- **What this task involves**: The lines to copy run from the one containing "Máquinas para la" to the very end of the records; give them exactly, and only them, without pictures.

- **Captioned web image data**:
────────────────────
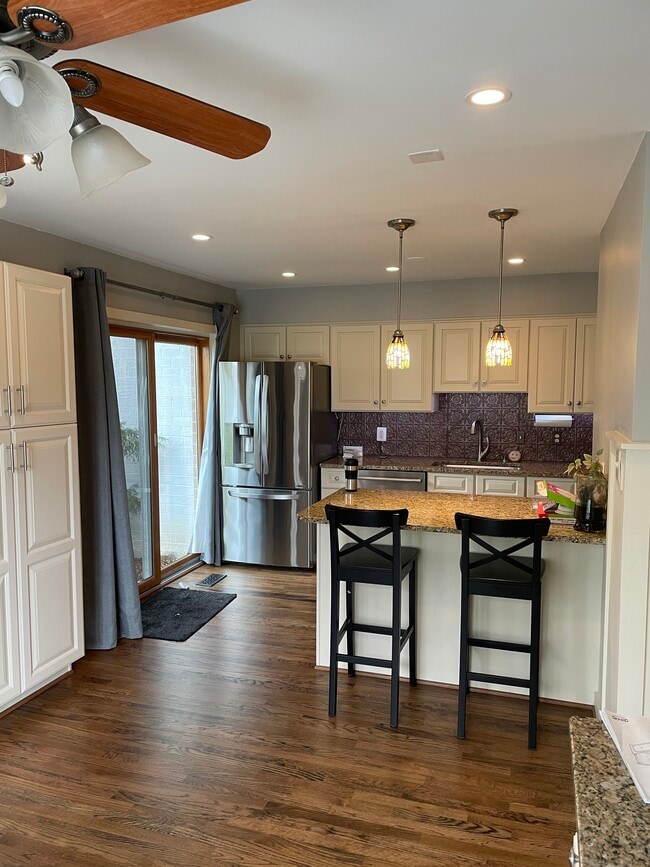 Building Photo - 7527 Broken Staff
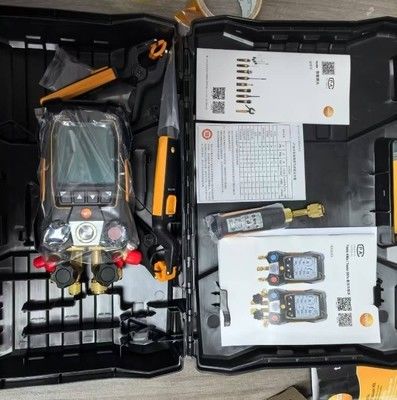 testo 557s Kit de vácuo inteligente com mangueiras - colector digital inteligente com sondas de vácuo e temperatura sem fio e 4 conjuntos de mangueiras
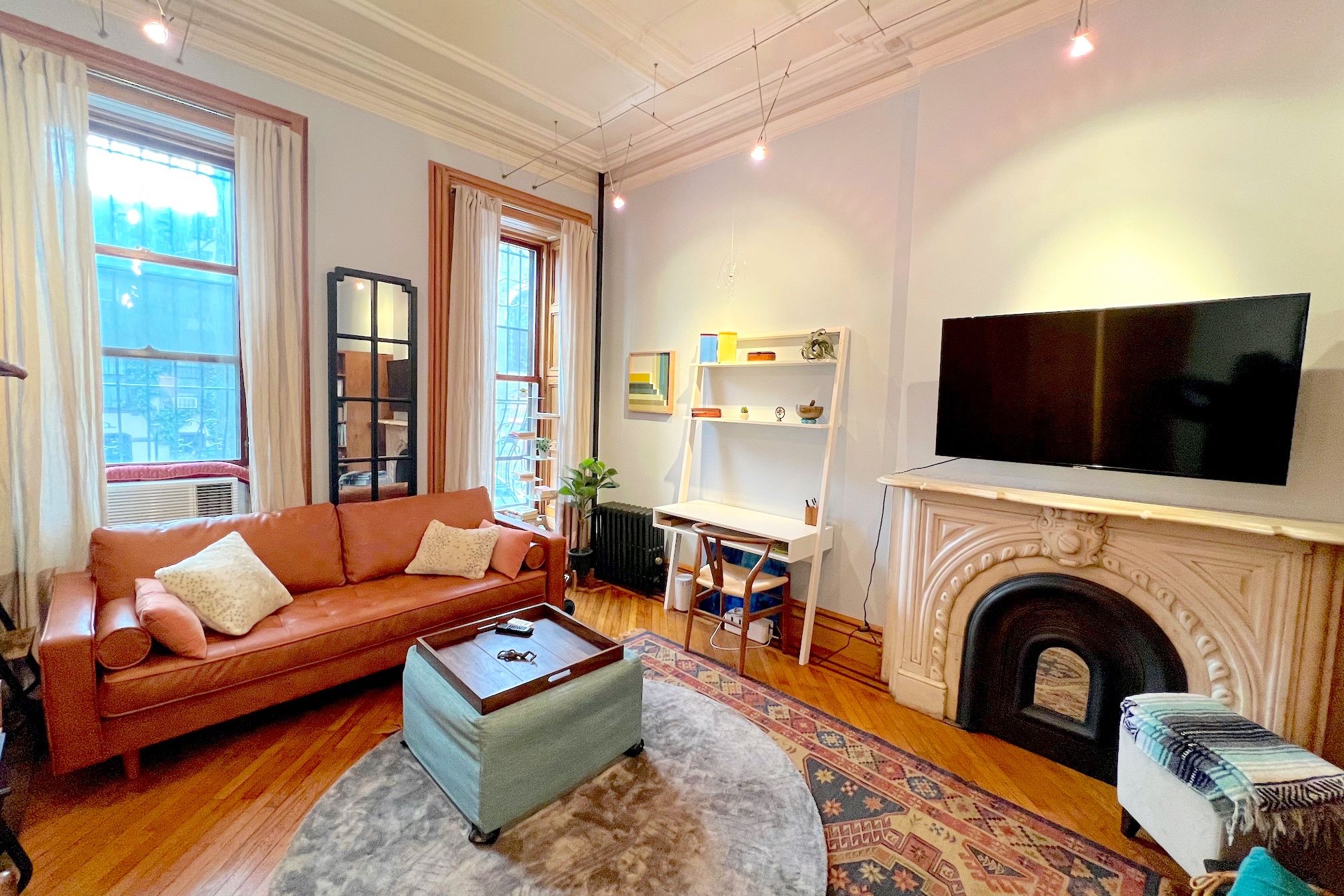 Hertford Place | Park Slope | Stylish Home w/ Garden View photo 4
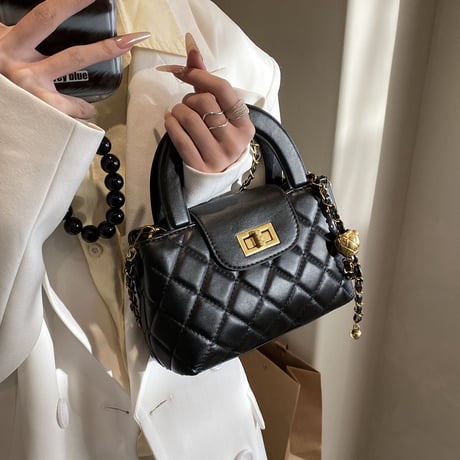 2wayバッグ ショルダーバッグ ハンドバッグ キルティング ミニバッグ 肩掛け 斜め掛け スクエアバッグ チェーンストラップ レトロ 韓国ファッション レディース DTCA-769859148853
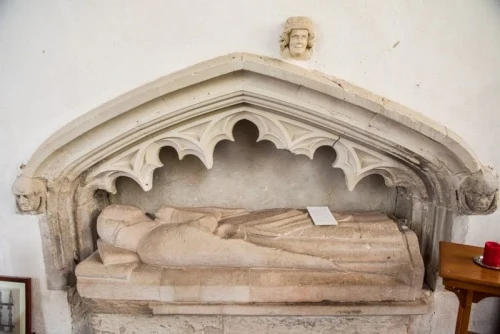 Peter de Chaceport effigy, mid 14th century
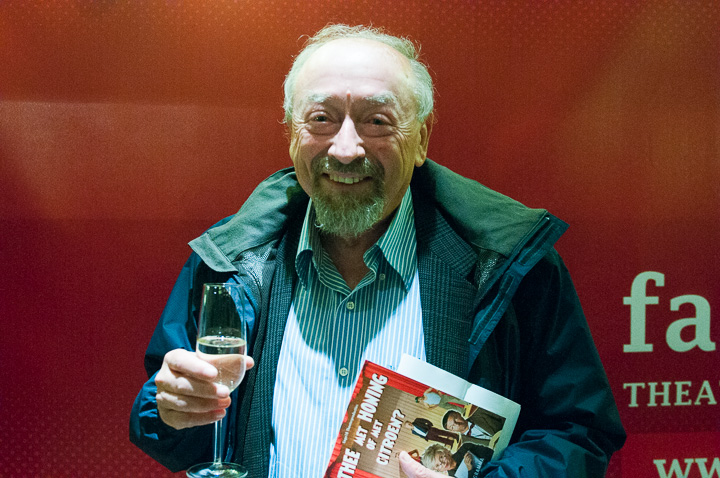 Première Thee met honing of met citroen @ Fakkelteater, picture 2, photographed by Goele Bormans - FrontView Magazine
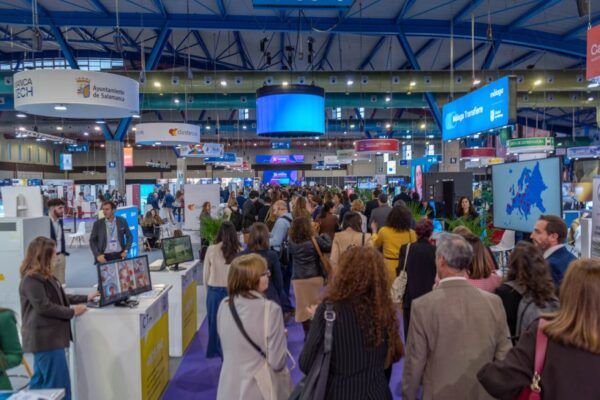 Vista del evento Feria Transfiere en Málaga con participantes y stands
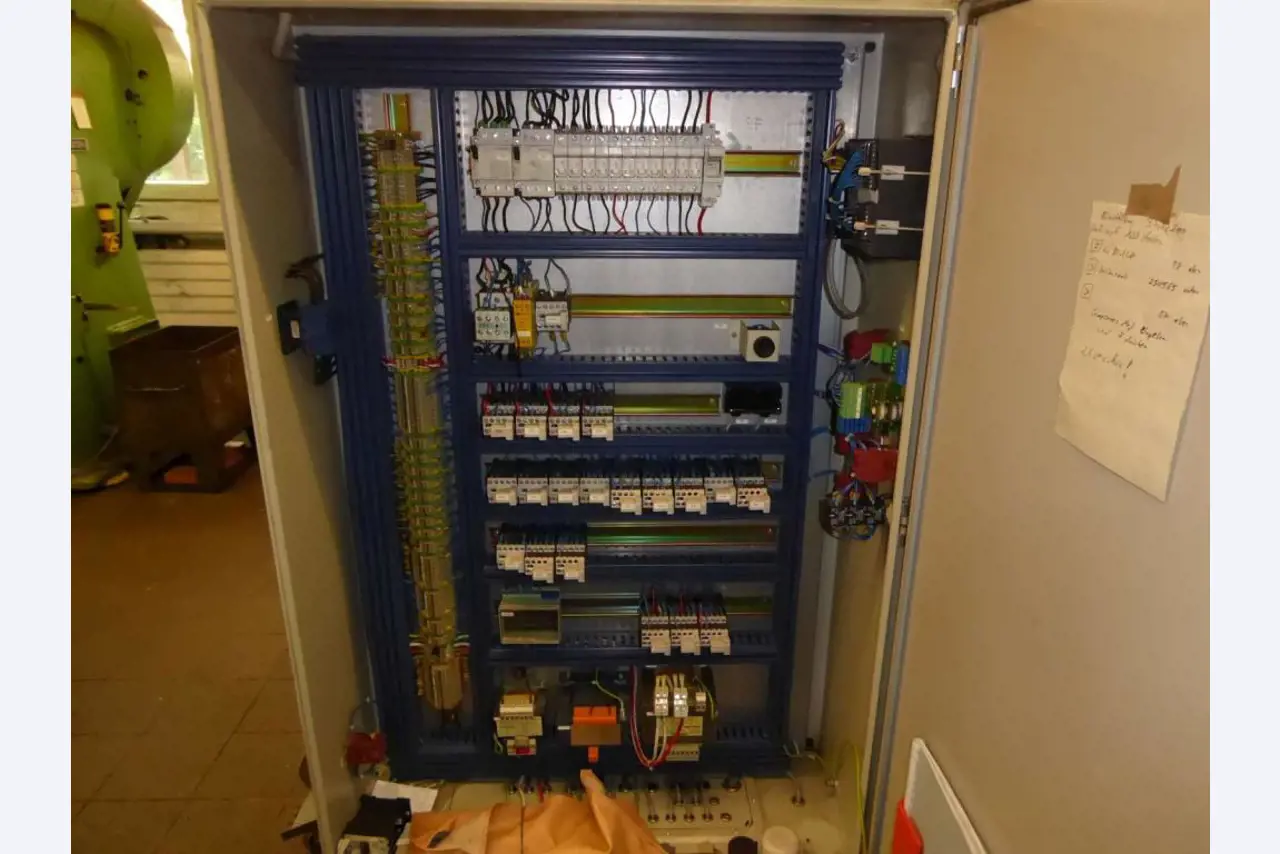 Máquinas para la fabricación de herrajes para muebles y juegos de puertas-5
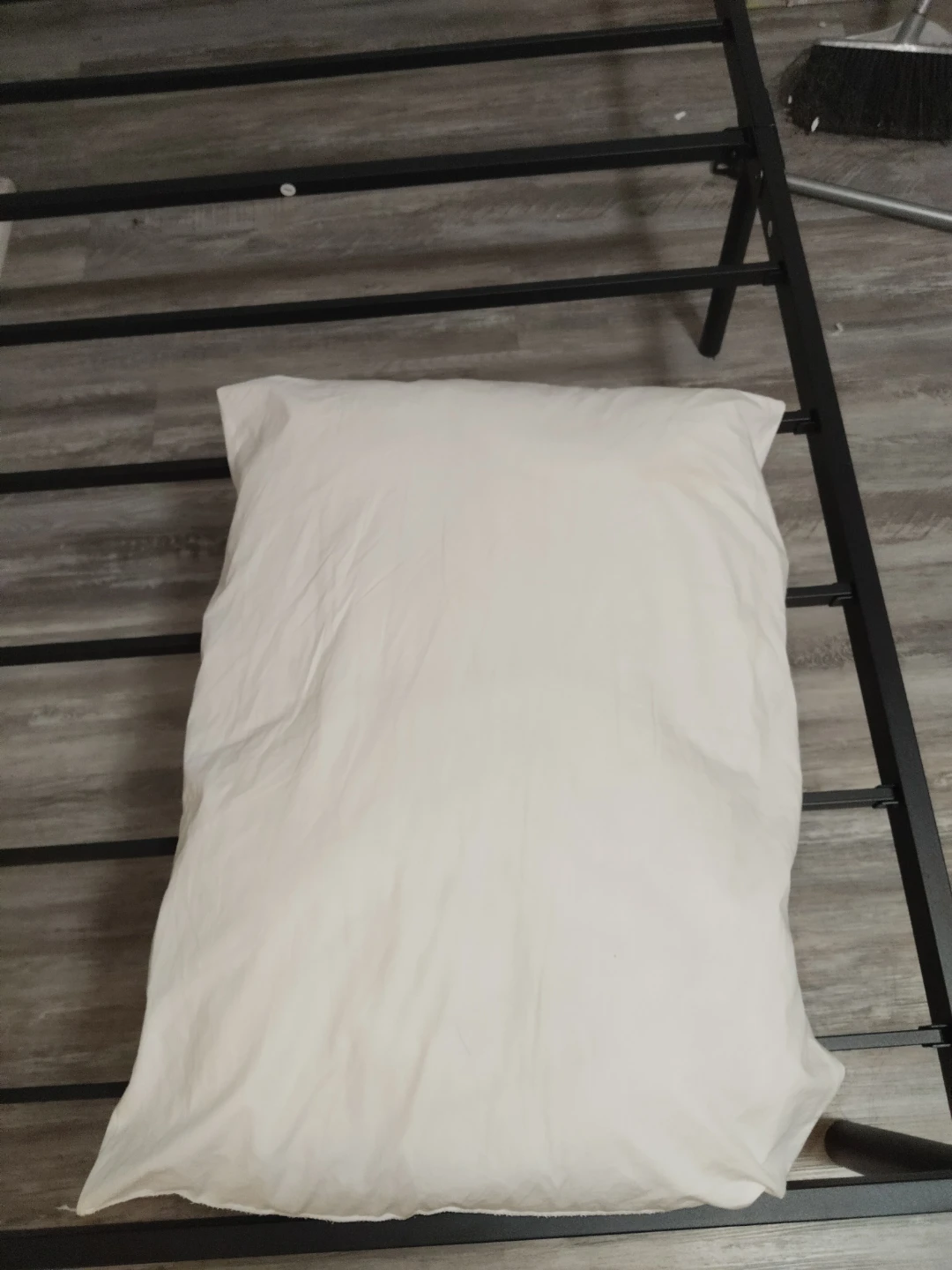Enduran 14 Inch Twin Size Bed Frame - photo 5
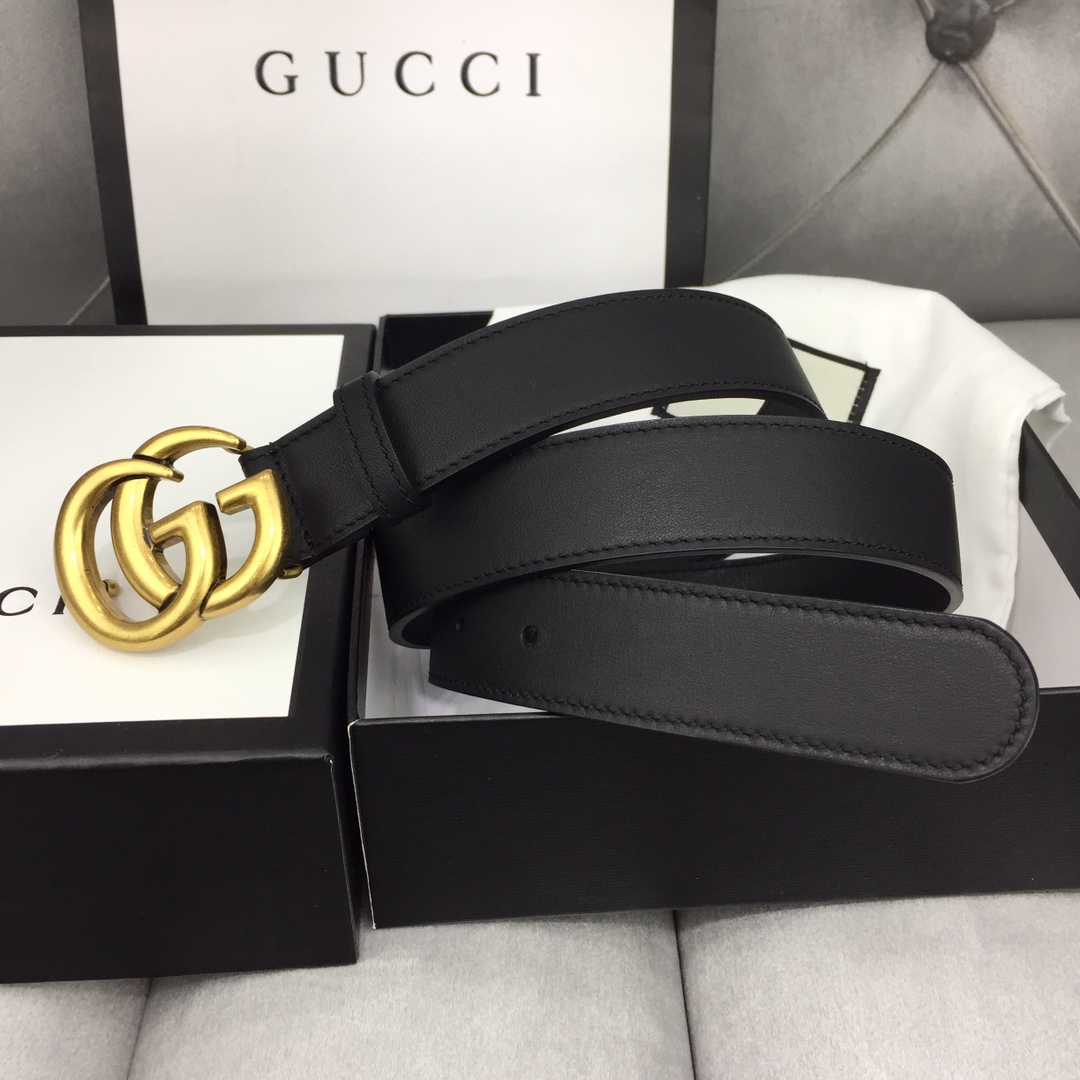p110 ：配送专柜全套礼盒包装🎁。G 经典原单配以标志双 G 带扣。宽度:2.0cm/3.0cm/3.5cm/4.0cm手感，修长真皮腰带采用原厂小牛皮精致而成。柔软 品质保证 无忧售后 /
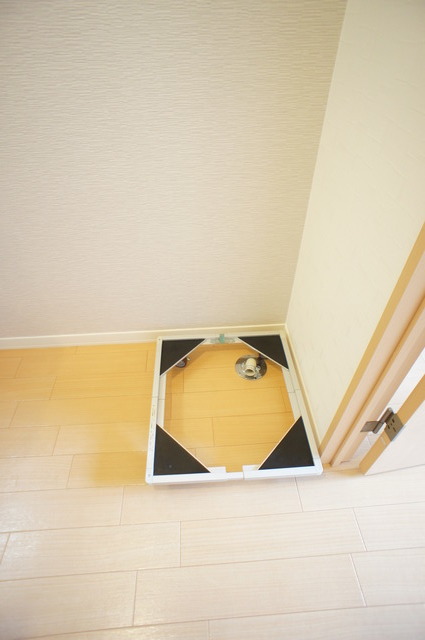 その他　洗濯機置き場は室内にあるので雨に濡れる心配はありません。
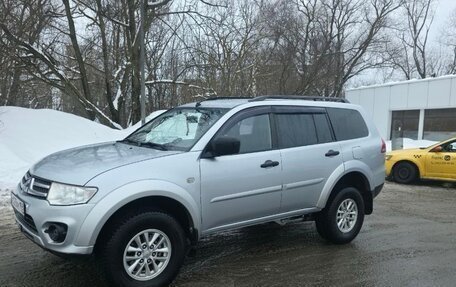 Mitsubishi Pajero Sport II рестайлинг, 2013 год, 1 399 000 рублей, 2 фотография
────────────────────
- **Exercise answer**:
 Máquinas para la fabricación de herrajes para muebles y juegos de puertas-5
Enduran 14 Inch Twin Size Bed Frame - photo 5
p110 ：配送专柜全套礼盒包装🎁。G 经典原单配以标志双 G 带扣。宽度:2.0cm/3.0cm/3.5cm/4.0cm手感，修长真皮腰带采用原厂小牛皮精致而成。柔软 品质保证 无忧售后 /
 その他　洗濯機置き場は室内にあるので雨に濡れる心配はありません。
 Mitsubishi Pajero Sport II рестайлинг, 2013 год, 1 399 000 рублей, 2 фотография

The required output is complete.